Bernie Sanders, the self-described socialist from Vermont, was one of the members of the Democratic caucus who voted against the confirmation of Tim Geithner as Treasury Secretary. He has his statement about why he did so up now. It’s short, and has nothing to do with Geithner’s tax problems; Bernie’s criticism is more systemic:

Massive deregulation of the financial services industry has led to the worst financial crisis since the Great Depression.  We need a treasury secretary who will support strong and robust regulation of the financial services sector.  

“Mr. Geithner was at the Fed and the Treasury Department when the deregulatory fervor that got us into this mess ran rampant. He was part of the problem.  I hope he becomes part of the solution, but I could not support his nomination at this time.

Meanwhile, I dug up this link from 1998 that may provide a bit of backstory hinting at the larger ideological disagreements at play. Back then, Bernie was still in the House, and Geithner was Assistant Secretary for International Affairs at Clinton’s Treasury Department. Geithner came to the House to testify in a review of the operations of the International Monetary Fund (IMF). Later on, of course, Geithner would himself move to the IMF. 

Bernie Sanders (Image shared under CC license by the Udall Legacy Bus Tour)

Bernie Sanders (Image shared under CC license by the Udall Legacy Bus Tour)
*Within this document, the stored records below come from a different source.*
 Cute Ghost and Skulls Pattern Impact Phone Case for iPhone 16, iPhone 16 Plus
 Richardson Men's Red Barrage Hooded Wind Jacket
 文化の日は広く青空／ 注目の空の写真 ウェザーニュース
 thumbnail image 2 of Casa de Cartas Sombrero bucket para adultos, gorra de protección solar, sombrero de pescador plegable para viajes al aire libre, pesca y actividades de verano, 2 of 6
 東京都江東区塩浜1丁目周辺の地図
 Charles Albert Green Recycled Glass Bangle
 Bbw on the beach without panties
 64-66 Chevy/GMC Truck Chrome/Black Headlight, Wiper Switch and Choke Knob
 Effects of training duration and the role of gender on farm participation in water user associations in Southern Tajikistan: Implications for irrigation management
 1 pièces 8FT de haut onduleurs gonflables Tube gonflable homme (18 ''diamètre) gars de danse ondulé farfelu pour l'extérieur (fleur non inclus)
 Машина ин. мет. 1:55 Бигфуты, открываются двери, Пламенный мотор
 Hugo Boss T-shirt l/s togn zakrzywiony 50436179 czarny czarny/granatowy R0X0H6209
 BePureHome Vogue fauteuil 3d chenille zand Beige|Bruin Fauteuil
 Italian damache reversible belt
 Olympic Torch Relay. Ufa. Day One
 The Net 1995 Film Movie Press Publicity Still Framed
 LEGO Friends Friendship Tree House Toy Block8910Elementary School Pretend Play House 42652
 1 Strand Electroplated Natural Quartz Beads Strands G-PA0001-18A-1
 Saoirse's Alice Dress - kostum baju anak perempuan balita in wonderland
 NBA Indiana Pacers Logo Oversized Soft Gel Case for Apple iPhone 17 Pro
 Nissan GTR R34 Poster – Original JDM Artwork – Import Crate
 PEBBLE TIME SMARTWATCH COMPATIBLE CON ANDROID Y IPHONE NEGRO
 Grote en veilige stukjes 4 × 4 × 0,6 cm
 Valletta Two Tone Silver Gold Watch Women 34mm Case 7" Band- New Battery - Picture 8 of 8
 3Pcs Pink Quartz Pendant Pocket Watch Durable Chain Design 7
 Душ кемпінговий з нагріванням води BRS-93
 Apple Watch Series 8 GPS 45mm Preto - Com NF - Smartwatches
Sanders was (and I assume still is) a harsh critic of the IMF, as his introduction in the review illustrates, and had a rather contentious exchange with Geithner, in which he accused him of disobeying the law. Why, for one – he asked citing the State Department’s human rights reports on Indonesia – did the US not vote against IMF loans to General Suharto’s Indonesia? Why did it not oppose IMF loans to authoritarian governments that violate human rights and jail labor leaders?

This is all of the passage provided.